Golfplätze selber folgten auch einer peniblen Standardisierung. Man spielt 18 Löcher, 9 wenn es ein billiger Kompromiss sein muss. Aber auch in Großressorts muss die Lochanzahl immer durch 9 teilbar sein, es gibt nur Par 3, Par 4 und Par 5. Maximal sind 4 Spieler pro Spielgruppe (Flight) unterwegs. Loch und Ball sind überall auf der Welt gleich groß, die Anzahl der Schläger ist begrenzt, deren Form und Gewicht normiert. Das erst jetzt eingeführte World Handicap System ist da ein vergleichsweise später Ausläufer.

Die heutigen Träger und Kinder dieser gesellschaftlichen Moderne sind vielfach Baby Boomer (inklusive meiner Wenigkeit) und die haben gerade noch die politischen, wirtschaftlichen und kulturellen Fäden in der Hand (Kultur ist hier umfassend auch die Freizeitkultur inkludierend gemeint).

Jeder Kulturstandard ist bemüht einen bestimmten gesellschaftlichen Sektor zu erreichen. Staatsoper und Golfsport zielten eher auf gehobene Schichten ab und verschiedene Barrieren sollten für die einen anziehend, für die anderen ausgrenzend wirken. Diese Hürden waren finanzieller Natur, flankiert von gesellschaftlicher Stellung der zu werbenden Mitglieder – häufig gepaart mit zum Teil obskuren Kleidervorschriften.

Der Übergang in die Postmoderne hat schleichend, aber spätestens seit der Jahrtausendwende sehr spürbar eingesetzt. Die Kultur des ALLGEMEINEN (Standard) wurde eine Kultur des BESONDEREN. Die Generationen XYZ und wie sie alle genannt werden sind heillose Individualisten. Zentral ist ihnen das Streben nach Einzigartigkeit und Außergewöhnlichkeit außerhalb der bisherigen Normen. Street Art jeder Art erreicht mehr Internetklicks als opulent inszenierte Staatsopernaufführungen hinter denen ein dickes Kulturbudget steht. Aber es ist nicht allein der subjektive Wunsch, es ist geradezu ein Druck von Peer und Social Media Groups entstanden.

Finde dich selbst! Du bist was Besonderes!

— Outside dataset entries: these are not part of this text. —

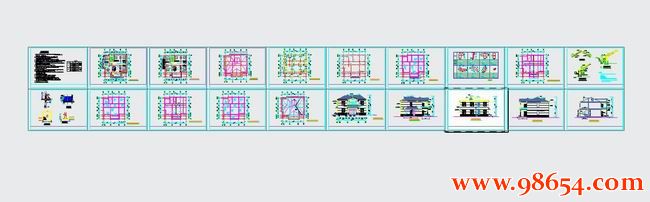 首层面积194平方米2层9室3厅2卫独栋别墅施工图全套预览图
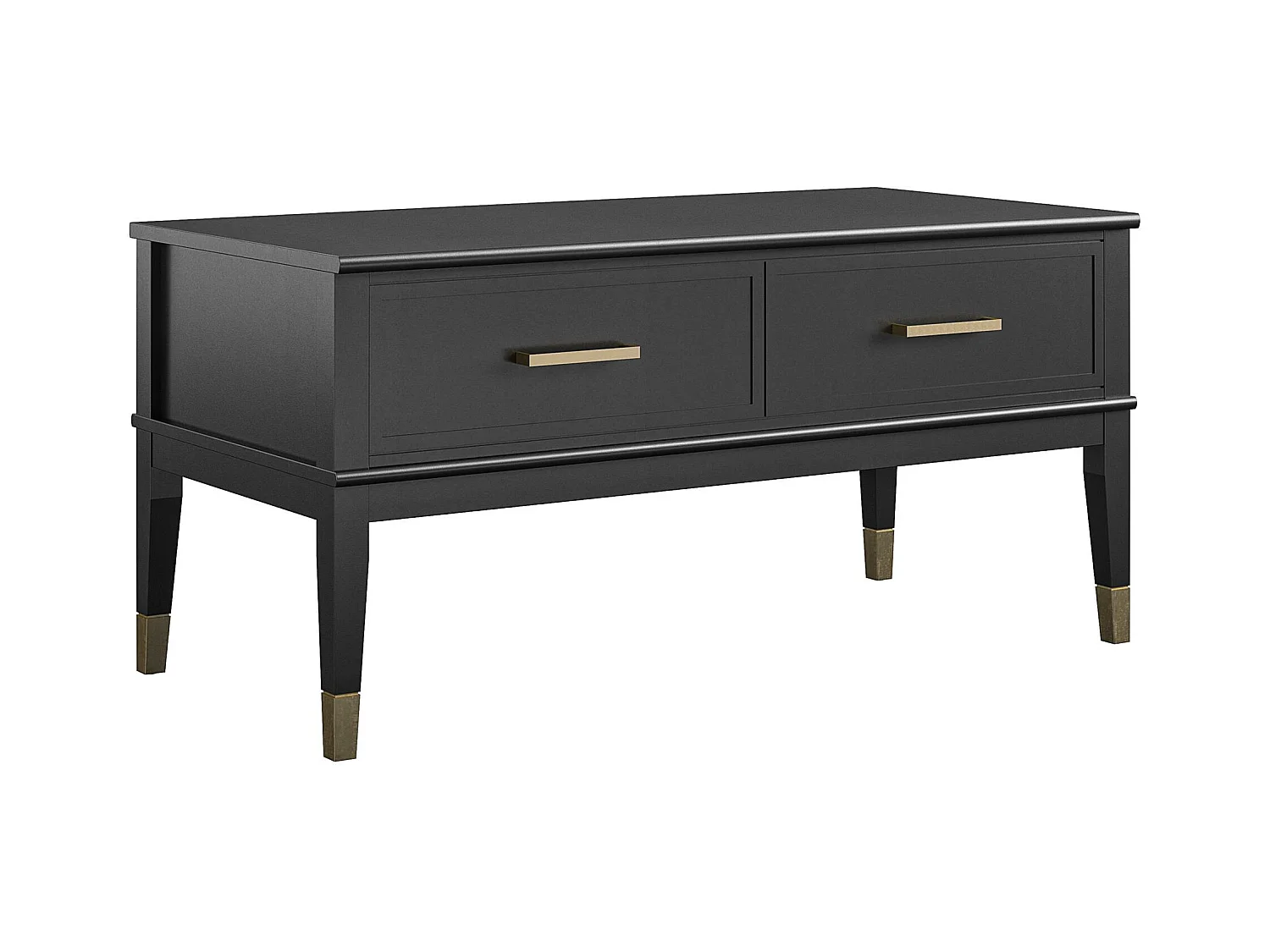 Westerleigh | Table basse avec plateau relevable et 2 tiroirs en panneau de particules noir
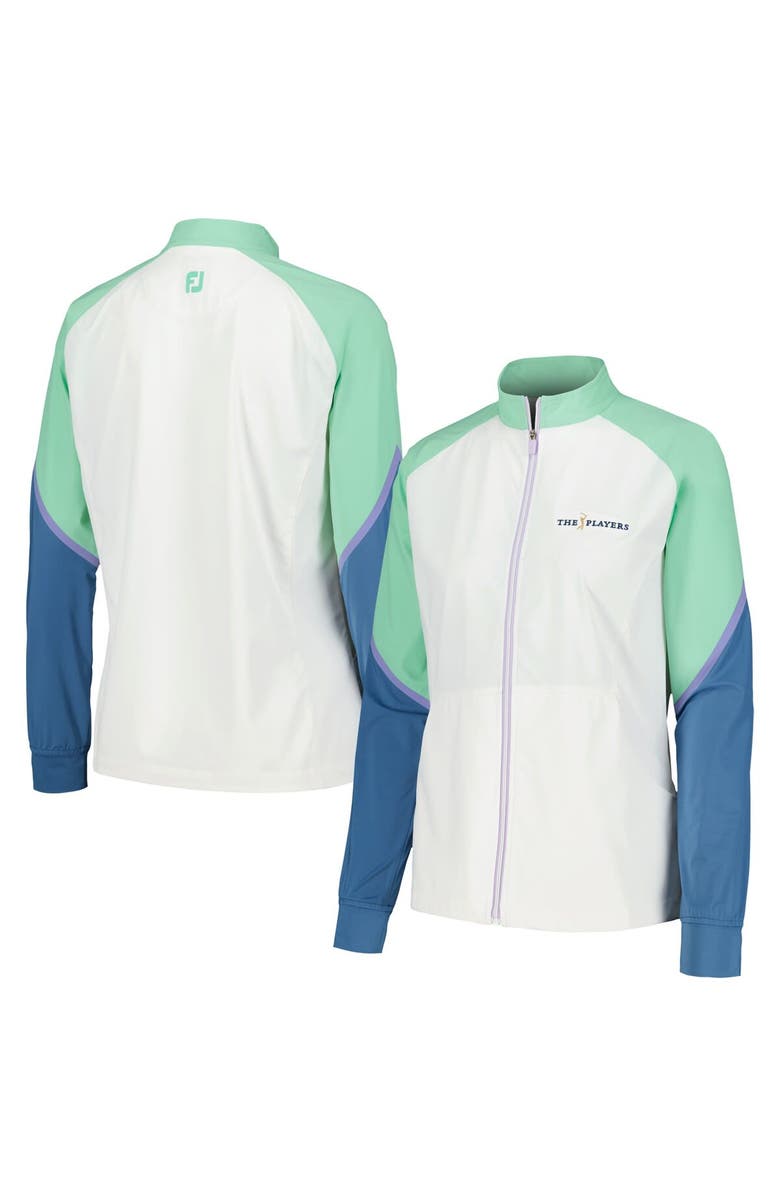 FOOTJOY Women's FootJoy White THE PLAYERS Color Block Full-Zip Jacket, Main, color, White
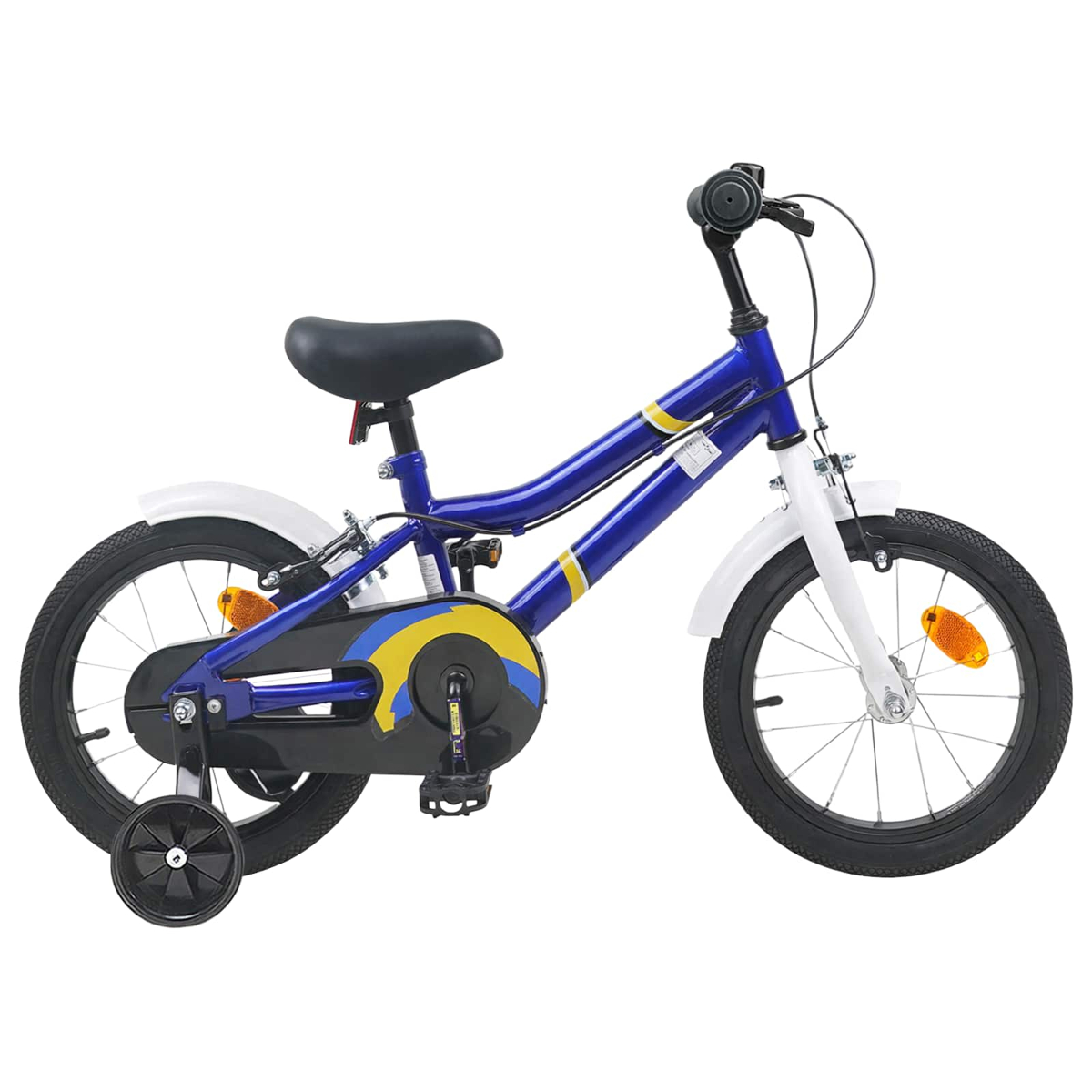 Ein blaues Kinderfahrrad mit Stützrädern, weißen Schutzblechen und gelben Akzenten.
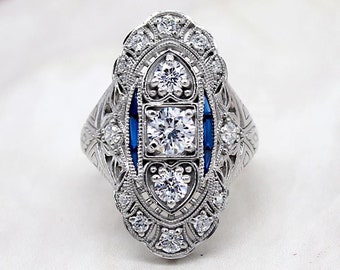 Vintage Lozenge Dinner Ring, Antique Art Deco Engagement Ring, Edwardian Wedding Ring, Old European Cut Diamond Ring, Antique Diamond Ring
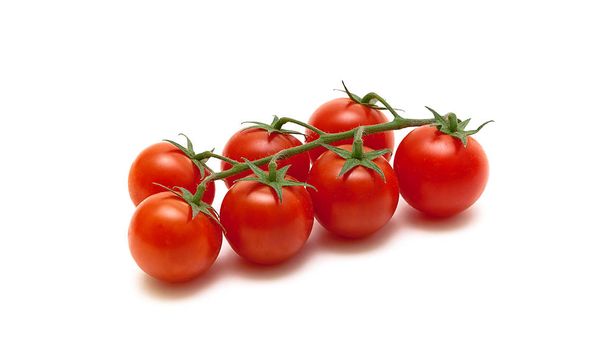 ripe cherry tomatoes isolated on white background - 写真・画像
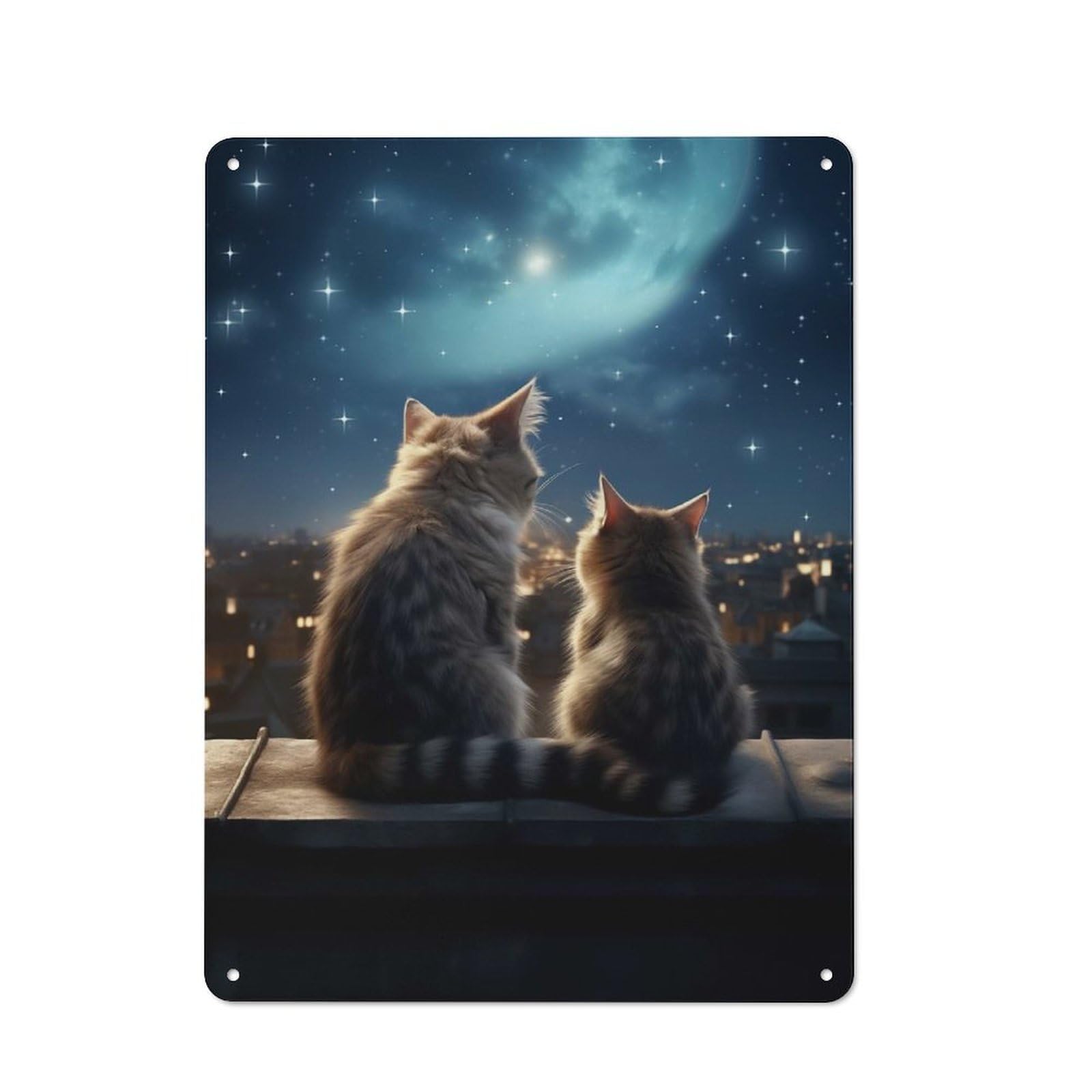 Junmoney Style-1-1 Metal Plaque 40X30cm With Two Cats Gazing Night Sky For Pub Or Café, Retro Decor, For Pub Decor Enthusiasts Refreshing A Room In Autumn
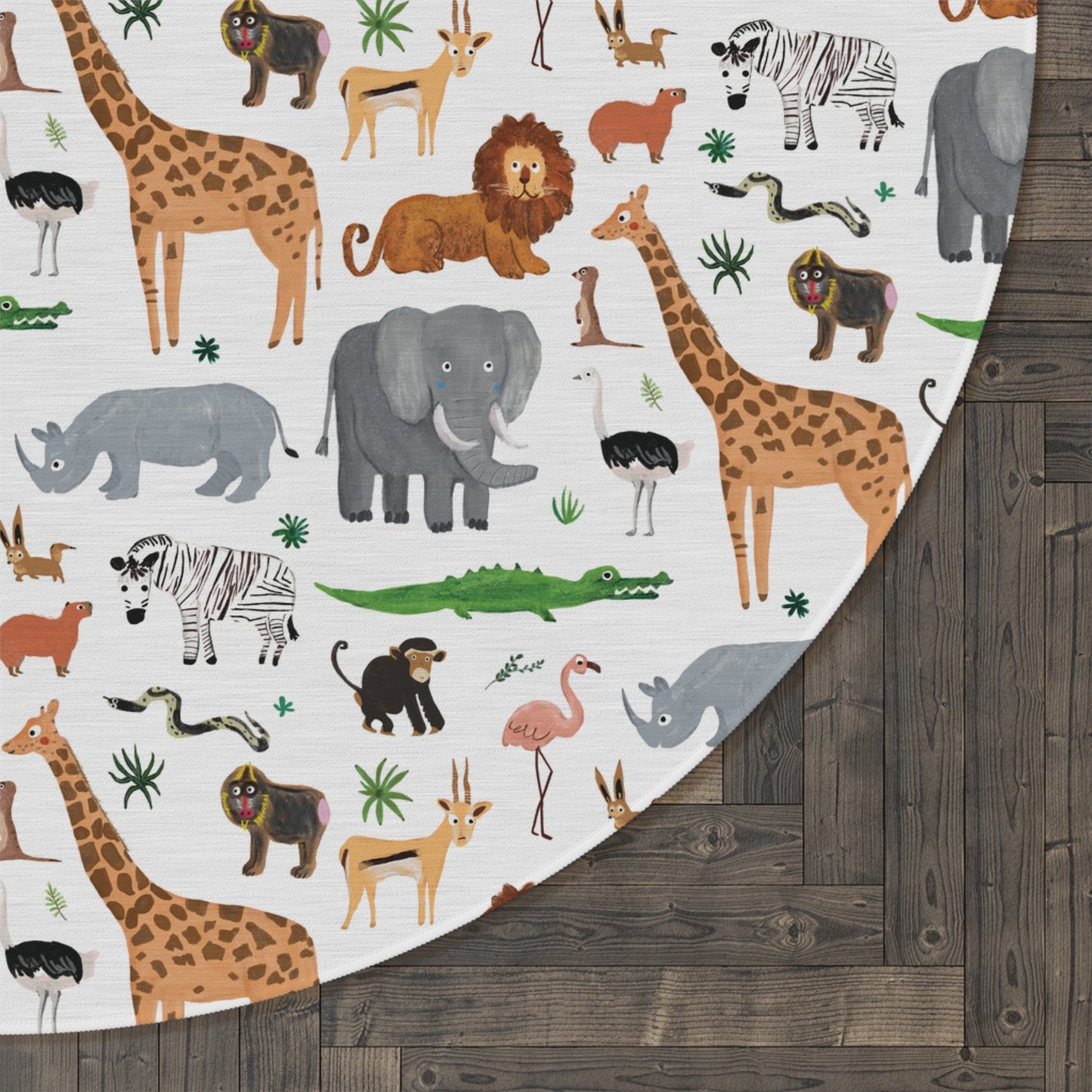 Jungle + Safari Animals 5' Round Rug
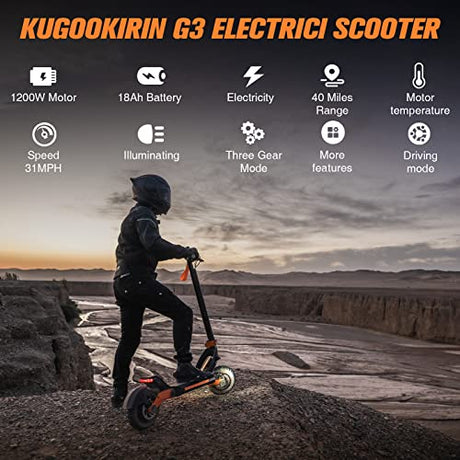 Electric Scooter, Kugookirin G3 Electric Scooter for Adults Powerful 1200W Motor Up to 31 mph
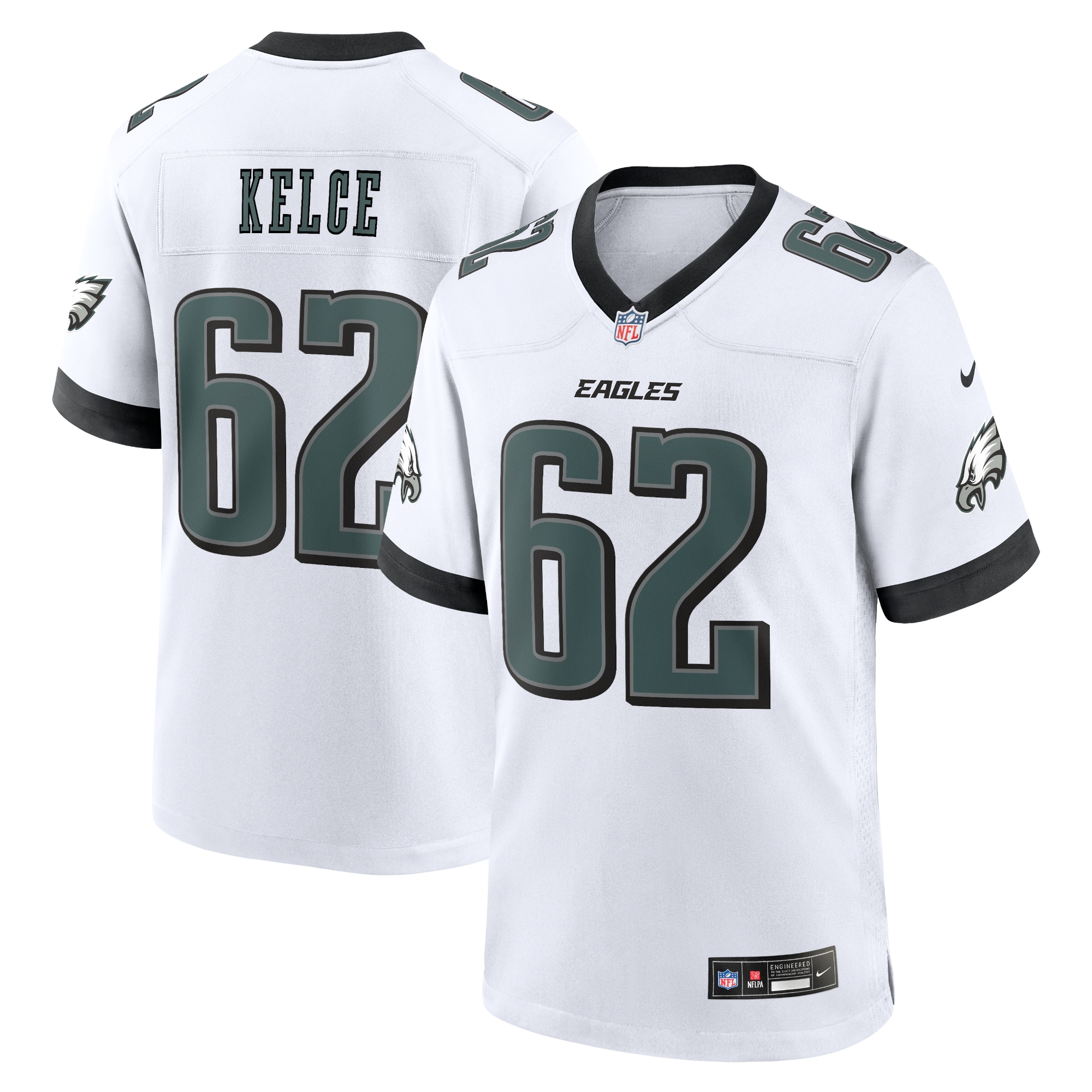Men's Philadelphia Eagles Jason Kelce White White Game Jersey JS5187 Saliibo
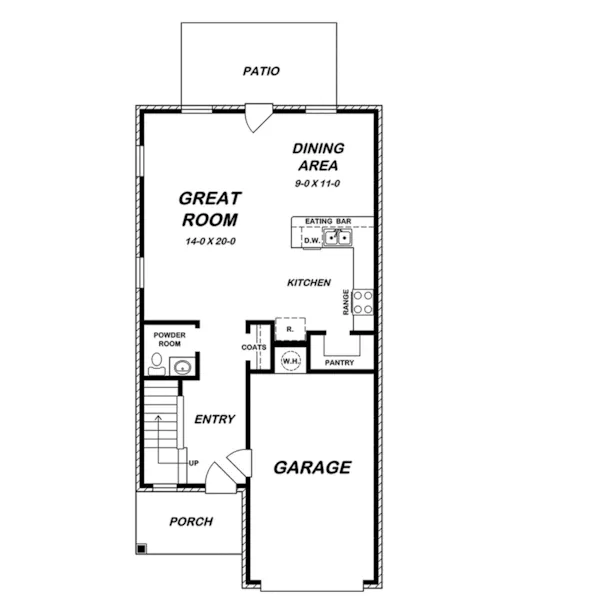 Traditional House Plan First Floor - Terrell Narrow Lot Home 060D-0428 - Shop House Plans and More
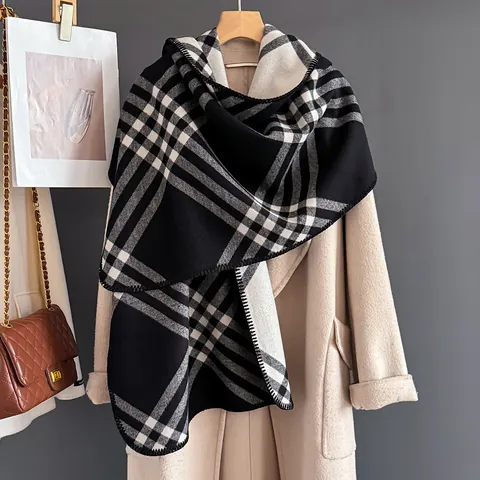 Classic Plaid Imitation Cashmere Scarf For Women Soft Warm Winter Shawl With Whipstitch Edge Large Wrap Fashion Neck Warmer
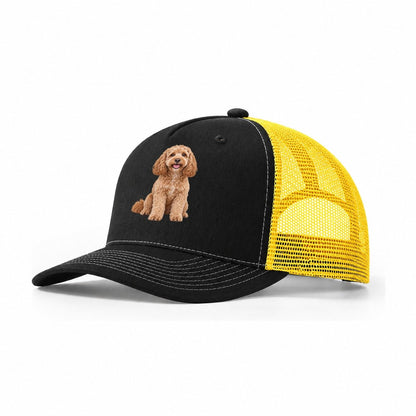 Cockapoo Sitting Top Breeds Trucker Hat – Black Yellow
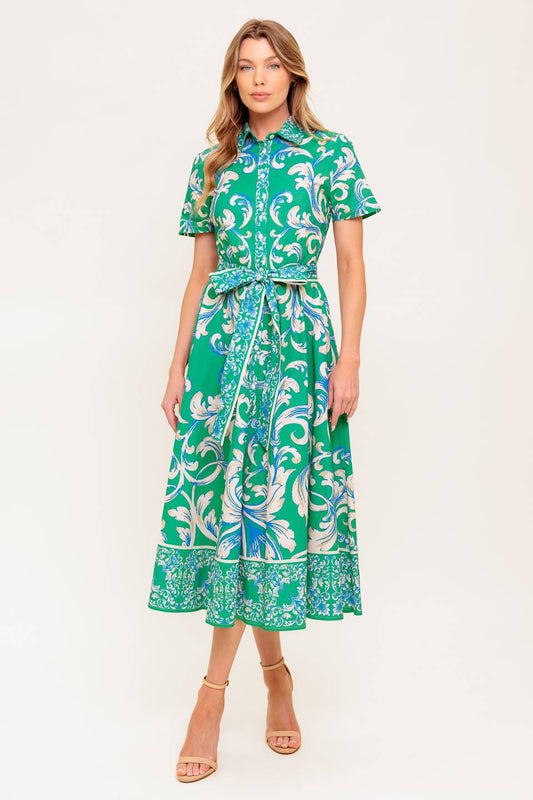SUMMER BOUQUET WOVEN MIDI DRESS Flying Tomato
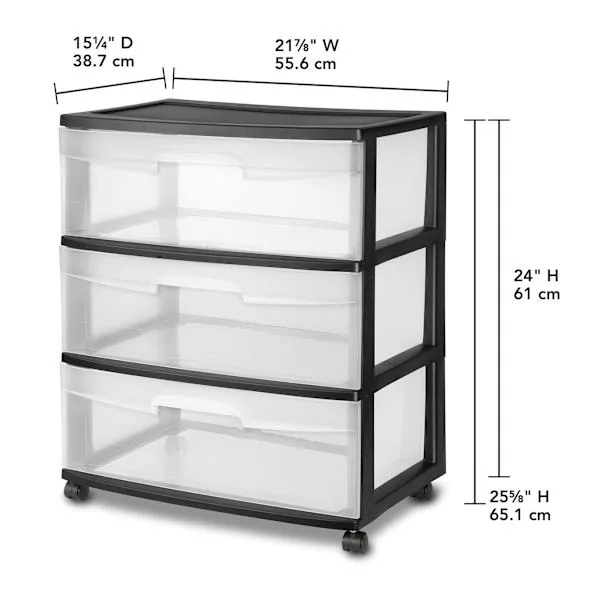 Sterilite 3 Drawer Cart image 2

Standardsportarten, wie eben auch Golf, verloren durch diesen Wandel der gesellschaftlichen Einstellungen an Attraktivität. Free Style in was auch immer ist angesagt. Red Bull verleiht die dazu notwendigen Flügel. Viele traditionelle Sportarten und Vereine geraten in eine Überalterungsfalle. Meine mittlerweile erwachsenen Söhne betreiben Bouldern (so eine Art Indoor Free Climbing). Das skizzierte Werbesujet des Durchschnittsangestellten mit Durchschnittsfamilie in der Vorstadt ist zu einer Negativfolie verkommen. Auch der Dresscode ist aus jugendlicher Sicht entsetzlich. Meine Söhne mussten 2 Jahre Golf spielen – das wars.